# [ESCA](https://eecheng87.github.io/ESCA/)
## Tasks
- [x] Support Nginx v1.22.0
## Benchmark tool: wrk
[wrk](https://github.com/wg/wrk) is an open source benchmark tool for http servers.
`eventLoop->apidata->epfd`
Each thread handles `thread->connections` number of connections, which is equal to `cfg.connections / cfg.threads`.
`thread->cs` contains an array of connections with size of `thread->connections`, which contains a connected fd and other relevant information.
Each thread contains one `aeEventLoop` with a `setsize` of `10 + cfg.connections * 3`.
:::info
I don't know why `setsize` is `10 + cfg.connections * 3`, I believe that something like `30 + cfg.connections` should be sufficient because `maxfd` will not be much larger than `cfg.connections`.
:::
`aeCreateTimeEvent` creates an `aeTimeEvent` and add to the linked list head `eventLoop->timeEventHead`.

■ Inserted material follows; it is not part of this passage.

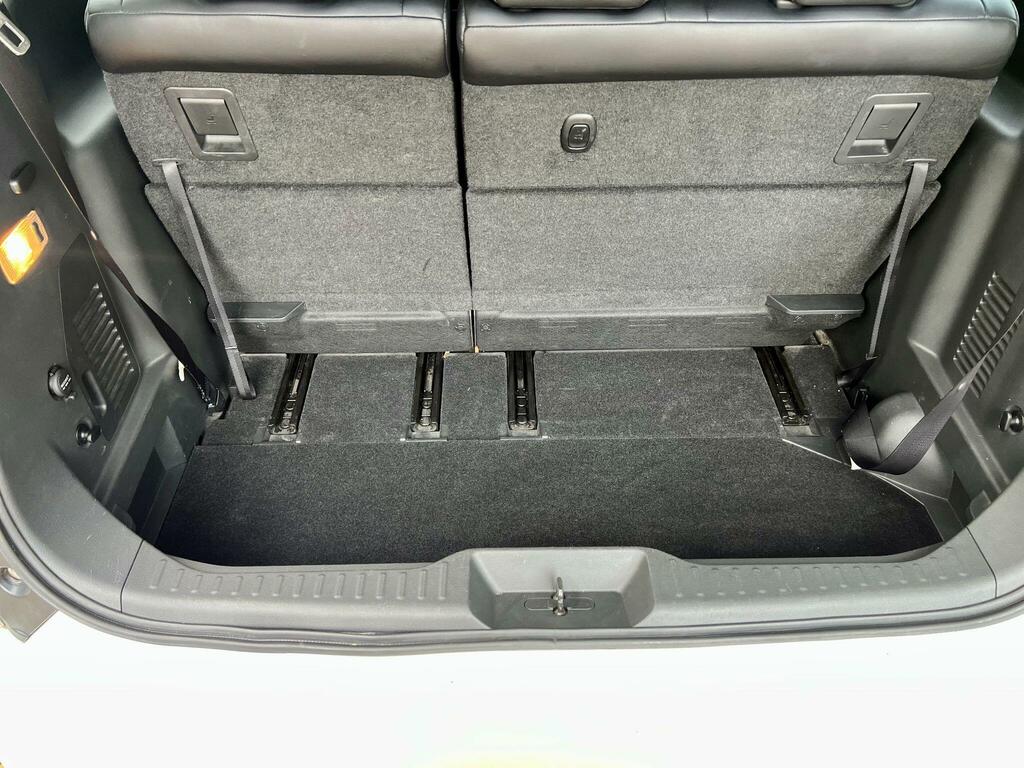 Nissan Elgrand Vip White #8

`connect_socket` uses `aeCreatFileEvent` to add the fd to the epoll.
## Support Nginx v1.22.0
==[commit](https://github.com/yaohwang99/ESCA/commit/bfc0f27a5129a4a981540afcd69c0577d1a15676)==
To upgrade the version of nginx, I have to have a brief understanding of how ESCA is implemented to v1.20.0.
Take a look at the Makefile and we discover that nginx will be modified by `*.patch` (generated by [diff](https://man7.org/linux/man-pages/man1/diff.1.html)) using [patch](https://man7.org/linux/man-pages/man1/patch.1.html).
The patch writes `batch_start()`, `batch_flush()` to surround the polling section of the server and writes `esca_init()` that initializes the shared table.
Later, nginx will be modified by `nginx.sh` which links the above function to `shim.so`, that does nothing and returns 0, by adding `-Wl,-E` flag and pathc in the `Makefile`. That means we can launch the vanilla nginx normally.
Read through [brief sed tutotial](https://www.tutorialspoint.com/sed/index.htm).
When `make nginx-esca-launch` is called, we use LD_PRELOAD to link the functions to `wrapper.so` to perform esca system calls.
## Kernel Module
1. Define new system calls `sys_register` and `sys_batch`.
2. Derive the address of the system call table by the address of `system_wq`.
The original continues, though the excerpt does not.